Section: Other Grants and Activities
Category: ANR-RNTL project
Duration: February 2007 - February 2010
Partners: INRIA-SMIS (coordinator), Univ. Versailles-PRiSM, Gemalto, Santeos (Atos Origin), ALDS
Description: The goal of the PlugDB project is to design and experiment new technologies dedicated to a secured and ubiquitous management of personal data. Existing solutions for sharing and manipulating personal data (medical, social, administrative, commercial, professional data, etc.) are usually server-based. These solutions suffer from two weaknesses. The first one lies in the impossibility to access the data without a permanent, reliable, secured and high bandwidth connection. The second weakness is the lack of security warranties as soon as the data leaves the security realm of the server. The PlugDB project addresses these limitations with the help of a new secured device named SPT (Secure Portable Token). A SPT combines the intrinsic security of smart cards with the storage capacity of USB keys (several GB soon) and the universality of the USB protocol. The project innovation lies in the association of sophisticated data management techniques with cryptographic protocols embedded in a SPT-like device. More precisely, a specific DBMS engine must be designed to match the peculiarities of the SPT storage memory (NAND Flash) and the limited processing capacities of its microcontroller. New cryptographic protocols dedicated to the protection of the data at rest as well as to the data in transit in collaborative scenarios must also be designed. The DMSP project will serve as a testbed for the PlugDB technology.

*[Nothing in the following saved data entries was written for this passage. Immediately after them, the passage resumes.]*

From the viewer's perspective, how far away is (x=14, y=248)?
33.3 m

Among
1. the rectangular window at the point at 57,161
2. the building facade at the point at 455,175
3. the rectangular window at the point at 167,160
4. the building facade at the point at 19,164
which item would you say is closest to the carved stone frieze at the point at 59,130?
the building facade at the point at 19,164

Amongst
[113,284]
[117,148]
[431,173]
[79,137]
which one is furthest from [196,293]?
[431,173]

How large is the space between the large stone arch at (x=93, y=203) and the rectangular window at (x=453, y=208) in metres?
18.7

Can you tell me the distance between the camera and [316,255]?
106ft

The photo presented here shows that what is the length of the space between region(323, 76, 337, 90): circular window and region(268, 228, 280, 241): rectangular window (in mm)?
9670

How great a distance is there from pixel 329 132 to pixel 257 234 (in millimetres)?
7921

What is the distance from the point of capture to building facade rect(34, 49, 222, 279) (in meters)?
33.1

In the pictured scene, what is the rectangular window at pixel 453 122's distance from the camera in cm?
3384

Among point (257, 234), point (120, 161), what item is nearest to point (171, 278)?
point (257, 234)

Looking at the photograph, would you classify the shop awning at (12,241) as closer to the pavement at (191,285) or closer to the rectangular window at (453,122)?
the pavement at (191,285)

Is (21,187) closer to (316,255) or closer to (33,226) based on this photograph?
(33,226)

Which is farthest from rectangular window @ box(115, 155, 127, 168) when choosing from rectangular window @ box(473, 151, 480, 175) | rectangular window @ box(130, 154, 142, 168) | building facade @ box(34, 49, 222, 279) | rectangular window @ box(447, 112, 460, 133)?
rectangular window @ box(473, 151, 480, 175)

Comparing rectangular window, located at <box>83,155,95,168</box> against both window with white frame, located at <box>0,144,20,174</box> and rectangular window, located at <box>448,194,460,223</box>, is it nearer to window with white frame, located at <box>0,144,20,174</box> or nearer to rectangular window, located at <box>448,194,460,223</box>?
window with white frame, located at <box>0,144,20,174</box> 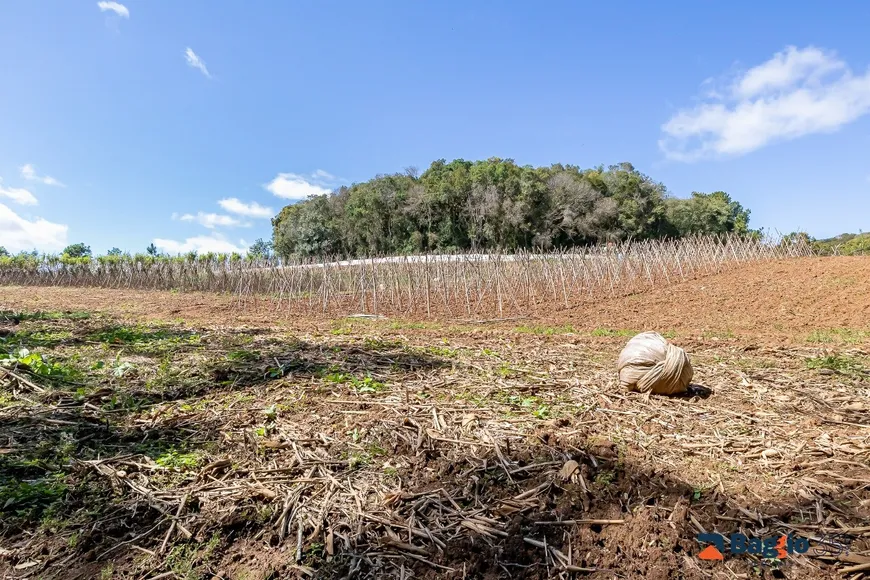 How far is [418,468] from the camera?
2.47 metres

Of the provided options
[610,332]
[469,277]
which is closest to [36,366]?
[610,332]

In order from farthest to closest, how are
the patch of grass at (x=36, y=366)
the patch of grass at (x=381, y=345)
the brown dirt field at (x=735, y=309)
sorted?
1. the brown dirt field at (x=735, y=309)
2. the patch of grass at (x=381, y=345)
3. the patch of grass at (x=36, y=366)

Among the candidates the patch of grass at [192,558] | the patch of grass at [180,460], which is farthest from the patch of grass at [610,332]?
the patch of grass at [192,558]

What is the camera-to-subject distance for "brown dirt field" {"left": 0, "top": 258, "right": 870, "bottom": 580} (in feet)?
6.13

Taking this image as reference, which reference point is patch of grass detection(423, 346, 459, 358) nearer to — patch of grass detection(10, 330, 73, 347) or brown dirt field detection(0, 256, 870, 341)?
brown dirt field detection(0, 256, 870, 341)

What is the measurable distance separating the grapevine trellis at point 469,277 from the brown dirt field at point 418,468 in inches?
325

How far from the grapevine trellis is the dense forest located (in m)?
14.2

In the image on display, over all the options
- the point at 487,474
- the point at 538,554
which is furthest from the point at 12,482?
the point at 538,554

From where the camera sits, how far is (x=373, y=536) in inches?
78.2

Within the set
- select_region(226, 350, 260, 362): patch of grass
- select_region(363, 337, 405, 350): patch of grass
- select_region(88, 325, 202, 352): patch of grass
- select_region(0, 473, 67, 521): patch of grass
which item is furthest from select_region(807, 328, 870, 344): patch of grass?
select_region(88, 325, 202, 352): patch of grass

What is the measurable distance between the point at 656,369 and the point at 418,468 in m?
2.17

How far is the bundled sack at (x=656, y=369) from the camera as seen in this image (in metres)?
3.54

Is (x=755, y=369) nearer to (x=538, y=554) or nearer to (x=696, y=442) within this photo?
(x=696, y=442)

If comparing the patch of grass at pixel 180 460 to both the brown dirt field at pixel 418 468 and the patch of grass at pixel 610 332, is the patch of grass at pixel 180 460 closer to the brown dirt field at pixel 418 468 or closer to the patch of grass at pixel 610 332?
the brown dirt field at pixel 418 468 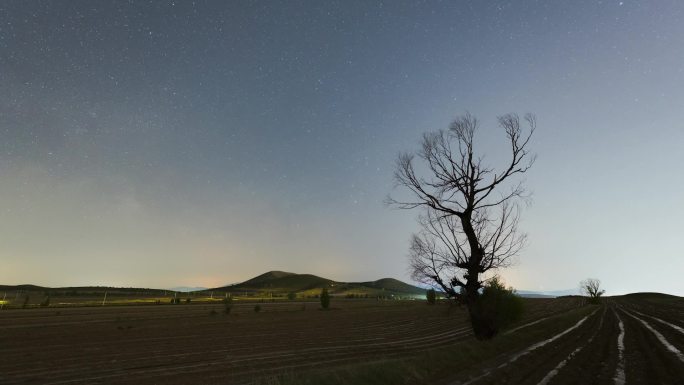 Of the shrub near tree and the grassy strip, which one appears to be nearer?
the grassy strip

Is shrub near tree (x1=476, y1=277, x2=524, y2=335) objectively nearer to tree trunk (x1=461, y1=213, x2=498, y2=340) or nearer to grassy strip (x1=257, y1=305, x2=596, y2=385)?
tree trunk (x1=461, y1=213, x2=498, y2=340)

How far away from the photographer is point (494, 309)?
20641 mm

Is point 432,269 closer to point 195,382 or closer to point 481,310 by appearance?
point 481,310

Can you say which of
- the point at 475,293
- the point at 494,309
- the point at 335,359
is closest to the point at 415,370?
the point at 335,359

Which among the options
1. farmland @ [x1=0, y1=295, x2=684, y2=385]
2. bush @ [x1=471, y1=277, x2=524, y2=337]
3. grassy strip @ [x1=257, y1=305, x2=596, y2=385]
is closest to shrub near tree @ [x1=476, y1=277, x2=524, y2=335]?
bush @ [x1=471, y1=277, x2=524, y2=337]

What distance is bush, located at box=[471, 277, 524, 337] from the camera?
20469mm

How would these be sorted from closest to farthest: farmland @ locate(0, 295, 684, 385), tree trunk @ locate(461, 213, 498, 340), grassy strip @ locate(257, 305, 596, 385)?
1. grassy strip @ locate(257, 305, 596, 385)
2. farmland @ locate(0, 295, 684, 385)
3. tree trunk @ locate(461, 213, 498, 340)

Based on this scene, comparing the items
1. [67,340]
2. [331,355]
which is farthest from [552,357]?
[67,340]

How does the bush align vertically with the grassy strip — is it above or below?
above

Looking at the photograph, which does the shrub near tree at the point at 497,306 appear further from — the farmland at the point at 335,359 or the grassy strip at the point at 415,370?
the grassy strip at the point at 415,370

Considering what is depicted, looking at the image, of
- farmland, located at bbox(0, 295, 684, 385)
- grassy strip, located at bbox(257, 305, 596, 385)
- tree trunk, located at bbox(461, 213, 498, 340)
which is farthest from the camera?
tree trunk, located at bbox(461, 213, 498, 340)

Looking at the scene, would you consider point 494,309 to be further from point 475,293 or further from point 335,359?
point 335,359

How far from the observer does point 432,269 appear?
20797mm

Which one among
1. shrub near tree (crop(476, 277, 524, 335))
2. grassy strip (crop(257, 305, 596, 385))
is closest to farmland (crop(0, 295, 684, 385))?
grassy strip (crop(257, 305, 596, 385)) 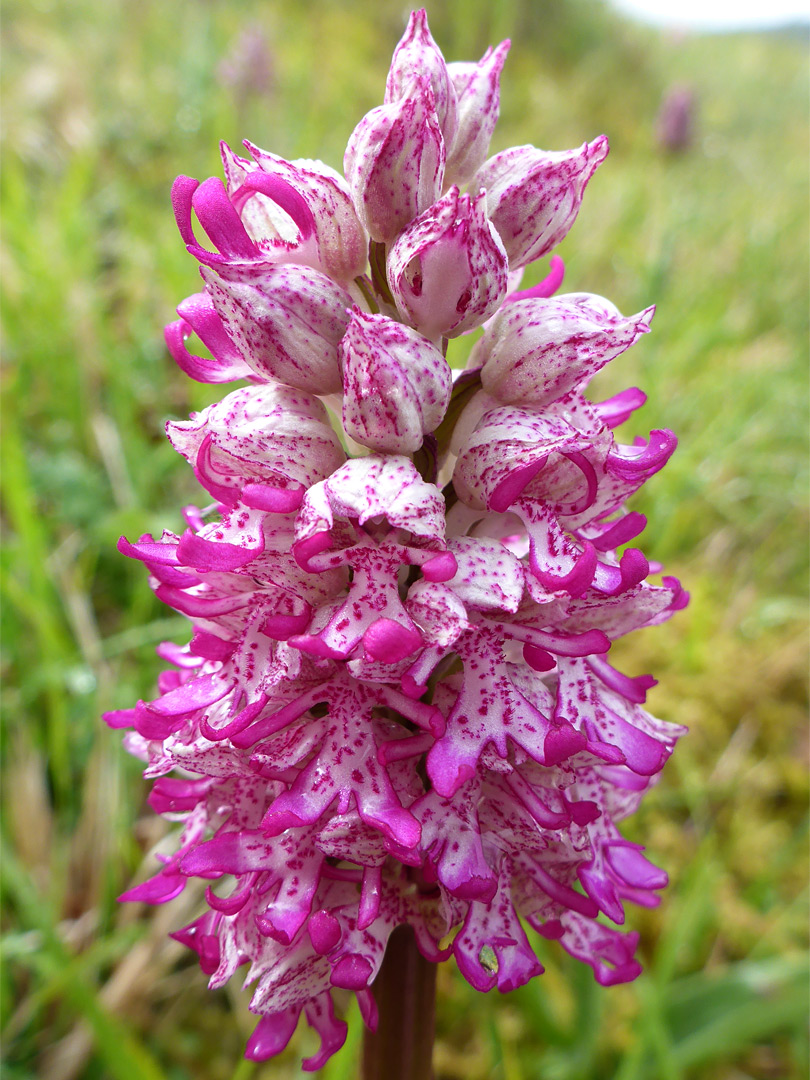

Category: ANR-ARPEGE project
Duration: Jan 2009 Jan 2012
Partners: SopinSpace (coordinator), INRIA (SMIS, SECRET), CECOGI
Description: The design and implementation of large-scale infrastructure for sensitive and critical data (e.g., electronic health records) have to face a tangle of legal provisions, technical standards, and societal concerns and expectations. DEMOTIS project aims to understand how the intrication between legal and technical domains constrains the design of such data infrastructures. DEMOTIS consists of two interdependent facets: legal (health law, privacy law, intellectual property law) and computer science (database security, cryptographic techniques). Combining expertise of jurists and computer scientists should help to better assess whether law statements can be actually put in practice, to characterize the related technological challenges when mismatches are detected and, when possible, to suggest preliminary solutions.